From that point on it's a lot of metaprogramming where I have html strings that I fill with the appropriate content. First the index page. This is really the most important part, that makes the blog readable. The only thing changing in that page is the table containing all the post titles+dates, and the list of categories:

index <- readLines("index.html",encoding="utf-8") #Reads in the index page
#The following line create each entries in the table
j <- sprintf("\t\t\t<tr><td class=\"date\">%s</td><td class=\"title\"><a href=\"%s\">%s</a></td></tr>",all$date, all$url, all$title)
#Then we replace the former table with the new one:
index <- c(index[1:grep("<table",index)],j,index[grep("</table",index):length(index)])
#And the same with the categories:
index[grep(">Categories:",index)] <- sprintf("\t\t\t<div class=\"footer\">Categories: %s<br/>",
                                             paste(sprintf("<a href=\"categories/%1$s.html\">%1$s</a>",cats),collapse=" - "))
#We then print it back to the file (overriding the previous content):
cat(index,file="index.html",sep="\n")

Then for each category, a specific page:

for(i in seq_along(cats)){
  #Here each page will be built on the same template, which is similar to the index page, with an additional title
  index <- readLines("categories/template.html",encoding="utf-8") #Reads in the template
  w <-sapply(catg,function(x)cats[i]%in%x)
  sub <- all[w,] #Pick the subset having the category currently processed
  #Makes the table, as previously:
  j <- sprintf("\t\t\t<tr><td class=\"date\">%s</td><td class=\"title\"><a href=\"../%s\">%s</a></td></tr>",sub$date, sub$url, sub$title)
  index <- c(index[1:grep("<table",index)],j,index[grep("</table",index):length(index)])
  #Adds the category name as title:
  index[grep("<h3>",index)] <- sprintf("<div class=\"footer\"><h3>Category: %s</h3></div>",cats[i])
  #Save in an html page named as the category for simplicity:
  cat(index,file=sprintf("categories/%s.html",cats[i]),sep="\n")
}

Then there is a section creating the RSS feed: it is very similar to the previous bit.
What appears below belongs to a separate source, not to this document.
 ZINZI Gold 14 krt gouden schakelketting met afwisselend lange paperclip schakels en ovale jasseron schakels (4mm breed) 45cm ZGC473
You can check it out in the repository but I don't see the point of explaining it here. After that, there is a couple of lines of code to replace the link to the last blogpost in the template, followed by another few lines to put the link to the new post in the penultimate one:

template <- readLines("template.html") #Reads in template
template <- gsub(as.character(all$date[2]),as.character(all$date[1]),template) #Replace the link to the second-to-last post by the last one
cat(template,file="template.html",sep="\n") #Prints it back

last_html <- entries[grepl(as.character(all$date[2]),entries)] #Finds the second-to-last post
last <- readLines(last_html) #Reads it in
w <- grep("Back to Index",last) #Finds the line with the links
last[w] <- gsub("<!--\\| &lt;a href=\"\">Next entry &gt;</a>-->",
                sprintf("| <a href=\"%s.html\">Next entry &gt;</a>",all$date[1]),
                last[w]) #And add the new one.
cat(last,sep="\n",file=last_html) #Prints it back

And this is literaly all there is to it. I might add some new parts to it as I am figuring things out (such as the categories pages that I really just added in the last week) but I think the core will stay the same. I don't think I need anything fancier.